▶ **DATA SUPPLIED**
====================
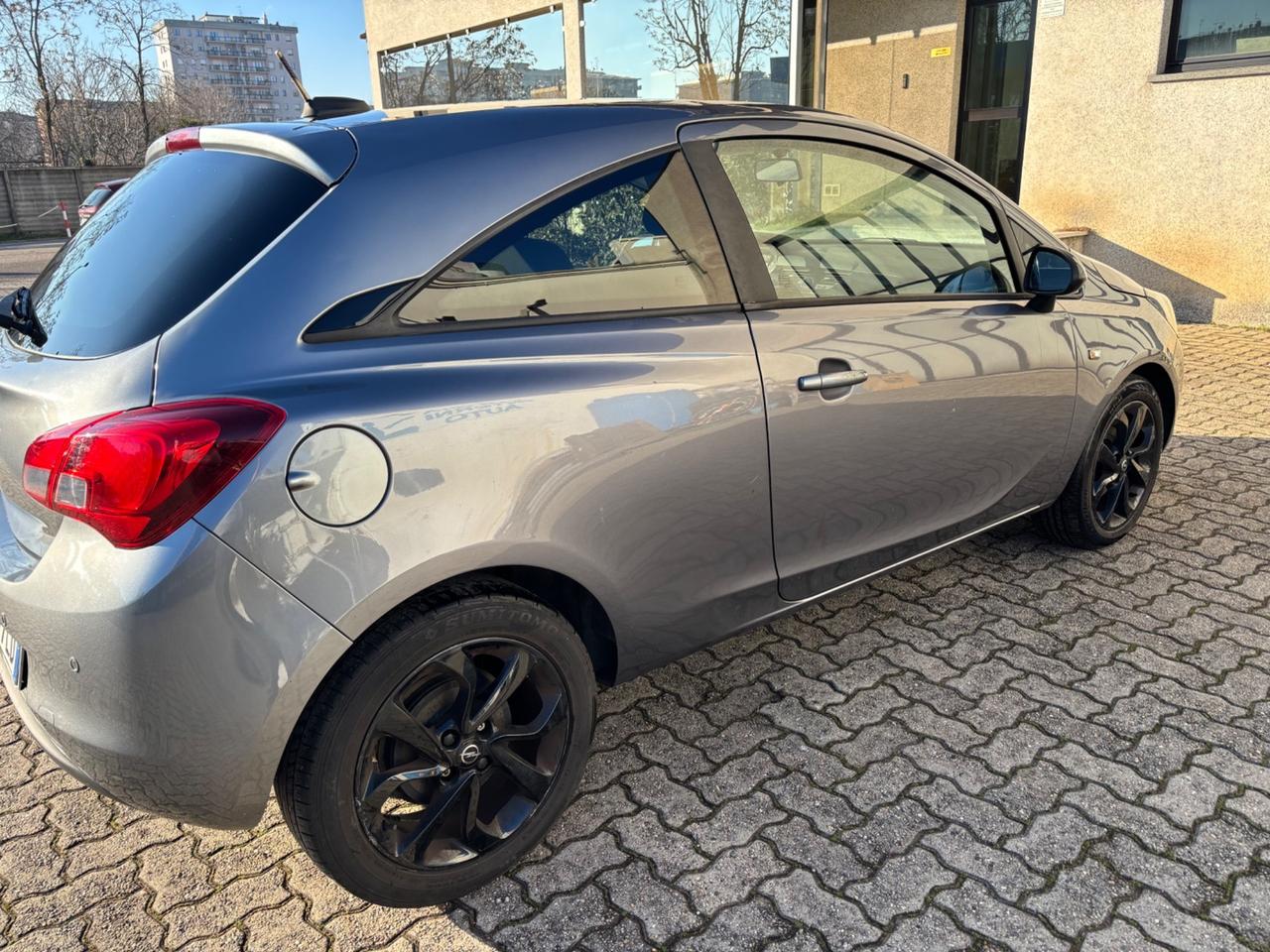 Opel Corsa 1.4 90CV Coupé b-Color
====================
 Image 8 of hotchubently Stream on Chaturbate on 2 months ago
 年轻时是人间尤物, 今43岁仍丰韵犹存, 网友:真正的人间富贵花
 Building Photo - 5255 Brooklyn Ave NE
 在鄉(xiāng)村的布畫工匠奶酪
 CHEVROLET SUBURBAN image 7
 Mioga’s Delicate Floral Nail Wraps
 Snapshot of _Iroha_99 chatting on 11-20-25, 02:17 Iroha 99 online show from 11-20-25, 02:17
====================
▶ **PROBLEM REQUIREMENTS**
Where the data above reaches the line holding "年轻时是人间尤物, 今43岁仍丰韵犹存, 网友:真正的人间富贵花", begin printing, and stop after the line holding "Snapshot of _Iroha_99". Each line must be reproduced exactly, with nothing else added.

▶ **EXERCISE OUTPUT**
 年轻时是人间尤物, 今43岁仍丰韵犹存, 网友:真正的人间富贵花
 Building Photo - 5255 Brooklyn Ave NE
 在鄉(xiāng)村的布畫工匠奶酪
 CHEVROLET SUBURBAN image 7
 Mioga’s Delicate Floral Nail Wraps
 Snapshot of _Iroha_99 chatting on 11-20-25, 02:17 Iroha 99 online show from 11-20-25, 02:17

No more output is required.